We all face disappointments, but they need not destroy our happiness. Whether it concerns our performance, our relationships or a meal we’ve just prepared, disappointment is a possibility every time we do something. The key is knowing how to deal with it.
The power to choose
Disappointment occurs when reality falls short of our expectations. It may not feel like it at the time, but how we react to disappointment is a choice – we can choose the stories to tell ourselves about what has happened. Indeed, the idea that a pattern of unhelpful thinking may contribute to frequent disappointment underlies cognitive-behavioural therapy, a common psychological treatment.
Unhelpful thinking can lead to passive or aggressive responses to disappointment, according to the Centre for Clinical Interventions in Western Australia. A better option, it suggests, is to practice helpful thinking and, in turn, respond assertively.
- Passive responses tend to involve giving up, becoming overly self-critical, feeling sorry for ourselves or sulking, and can reduce our self-esteem and contribute to depression.
- Aggressive responses typically involve anger at what caused our disappointment, and can make us resentful or vengeful.

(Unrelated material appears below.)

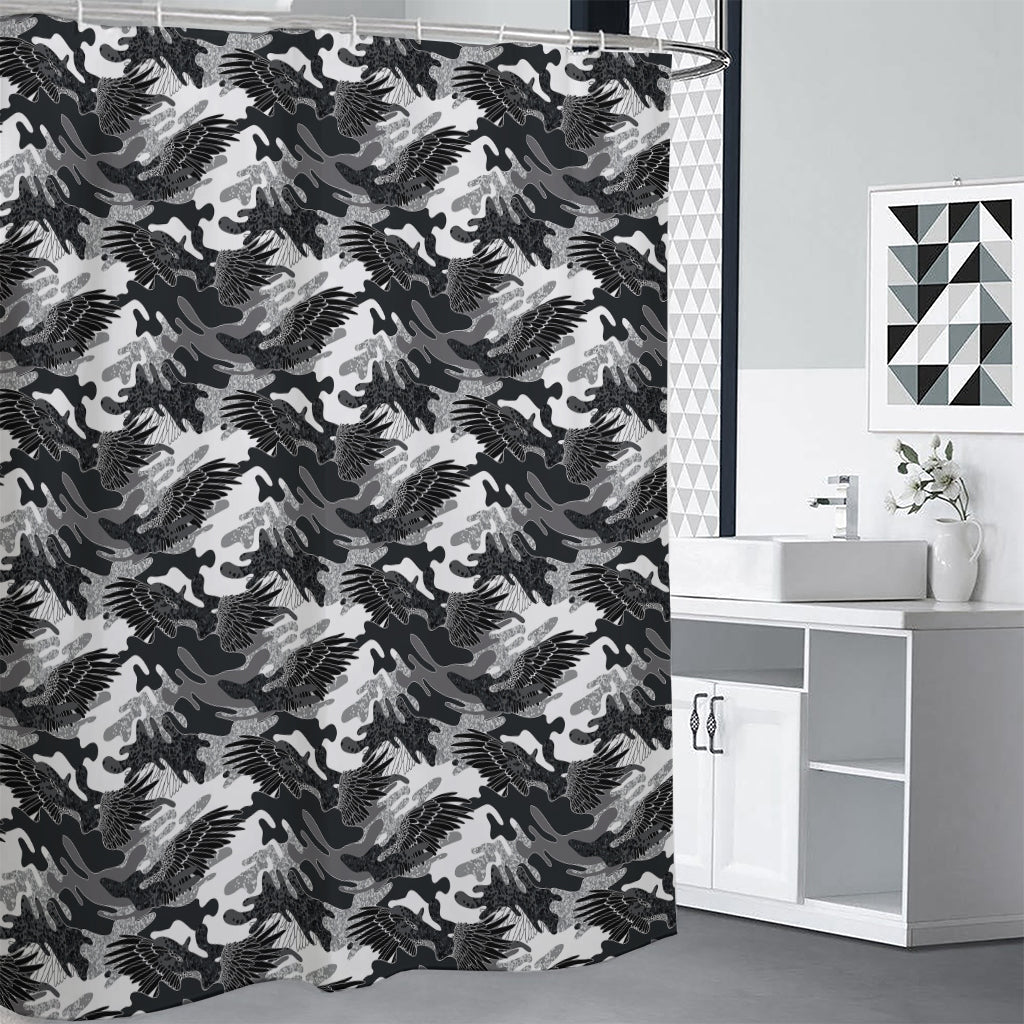 Camouflage Dazzle Wings Pattern Print Premium Shower Curtain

- Assertive responses are about taking responsibility and considering how to move forward. We may still be disappointed, but are less likely to blame ourselves or others, or get trapped in negative emotions. Even if there’s nothing we could have done differently, we accept the situation.
Developing a pattern of more helpful thinking to deal with disappointment can take time. In an online post for Psych Central, therapist Dr Michael Ashworth suggests that this may involve learning to:
- identify your expectations and ensure they are reasonable
- recognise negative thoughts and redirect them towards positive solutions
- communicate more skilfully so that you correctly understand others and are clear on what you want
The turtle technique
So, what can we do when disappointment strikes? To modify your thoughts and control your emotions when your expectations go unmet, consider this version of Marlene Schneider and Arthur Robin’s 1976 cognitive-behavioural intervention, the ‘turtle technique’:
- Recognise that you’re disappointed.
- Think, ‘stop’.
- Go into your ‘shell’, take three deep breaths and develop calming, coping thoughts.

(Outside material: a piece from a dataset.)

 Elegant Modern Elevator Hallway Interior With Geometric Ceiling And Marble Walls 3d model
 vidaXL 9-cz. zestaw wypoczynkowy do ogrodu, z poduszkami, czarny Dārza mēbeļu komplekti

- Leave your shell when you’re calm and devise positive solutions.
If you slip into unhelpful thinking when you’re in your ‘shell’, try revising your thoughts. The Centre for Clinical Interventions offers these examples:
- They should know I hate it when they do that.
- The world is horrible; I can’t handle it.

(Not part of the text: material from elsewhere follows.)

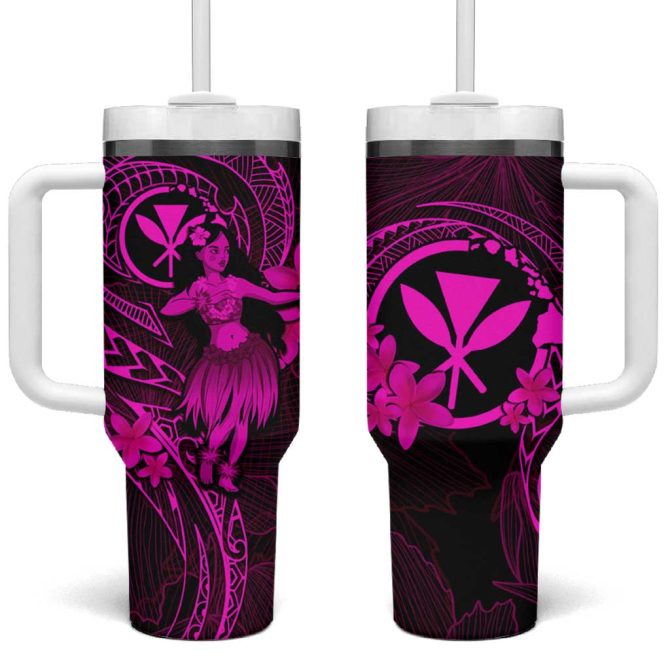 Hawaii Hula Girl Mix Polynesian Plumeria Pink Custom Stanley Quencher 40Oz Stainless Steel Tumbler With Handle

- He or she is a bad person.
- I can’t accept someone for acting like that.
- I can’t stand this.
- Being treated unfairly is undesirable but not awful.
- I can handle this hurt and do something about the situation.
- I accept him or her. He or she may have been rejecting one part of my behaviour, not me as an entire person.
- It is okay to express my feelings – the outcomes may not be as bad as I imagine.
While disappointment is, by definition, undesirable, appropriate coping mechanisms can prevent us from getting caught up in negative emotion and maintain our happiness.
If you frequently experience disappointment, consider enlisting the help of a counsellor to identify the causes and a way forward.